EMERSE Install and Configuration
Database initialization
Provided with the EMERSE distribution are a set of files, each containing SQL statements that create all needed database objects and sample data that will allow the EMERSE application to startup with a default set of database objects, and sample data in the patients, research studies, synonyms and tables. These scripts should be run as the user and schema setup for the EMERSE application (this will be set by each implementing site), and not a system or sysdba user. These files need to be executed in a SQL query tool in the following order:
-
sequences.sql
-
tables.sql
-
indexes.sql
-
constraints.sql
-
lookupdata.sql
-
indexdata.sql
-
patientdata.sql
-
synonyms_index_subset.sql
-
synonyms_subset_50k.sql
-
3_5_releasechanges.sql
These files are for release version 3.5 |
WAR file installation
The next step in getting EMERSE up and running after initial installation of the application server and configuration
of the database with default settings is to deploy the EMERSE WAR file.
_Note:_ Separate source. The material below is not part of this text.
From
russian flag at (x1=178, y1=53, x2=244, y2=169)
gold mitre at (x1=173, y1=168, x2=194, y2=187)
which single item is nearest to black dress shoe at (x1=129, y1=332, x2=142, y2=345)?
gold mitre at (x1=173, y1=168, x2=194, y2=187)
To deploy the file, first rename the supplied war file to emerse.war, then copy the war file to the
webapps directory of the Tomcat server. If Tomcat is using default settings, the WAR file will be exploded into a
number of files in a directory called emerse. This directory includes all the files needed to run the application.
You will need to make a change to the settings file to reflect the database that will be used.
Inside the WEB-INF/classes
directory of the exploded war file, you will find a file called project.properties.
This file contains the settings to connect to the database.
Configuration
At this point the software part of the installation is complete, but some additional configuration may be required. Minimally, this would include the URL of the Oracle database. Information on configuring EMERSE to locate the Oracle Server is located in the configuration guide.
Confirm installation
At this point EMERSE should come up, using the URL:
http://hostname:8080/emerse
If it does not, the best place to troubleshoot any issues are in log files inside the Tomcat installation:
$TOMCAT_INSTALL_PATH/logs
Checklist
After all the required software is installed, one can verify the component wiring by running a diagnosis checklist through the EMERSE app. The check list page can be viewed using the URL:
http(s)://hostname<:port if applicable>/emerse/diagnostics.html
The following components are verified on a high level:
-
Database: Connection to the database is established and a query on sysdate is run.
-
Lucene: Checks the Lucene path in the configuration file and establishes a connection.
-
SOLR: Establishes a connection to SOLR and run a simple query.
-
Active MQ: Establishes a connection to Active MQ configured in the property files.
-
LDAP: Checks if the LDAP profile is provided and if true, establishes a connection to the LDAP tree.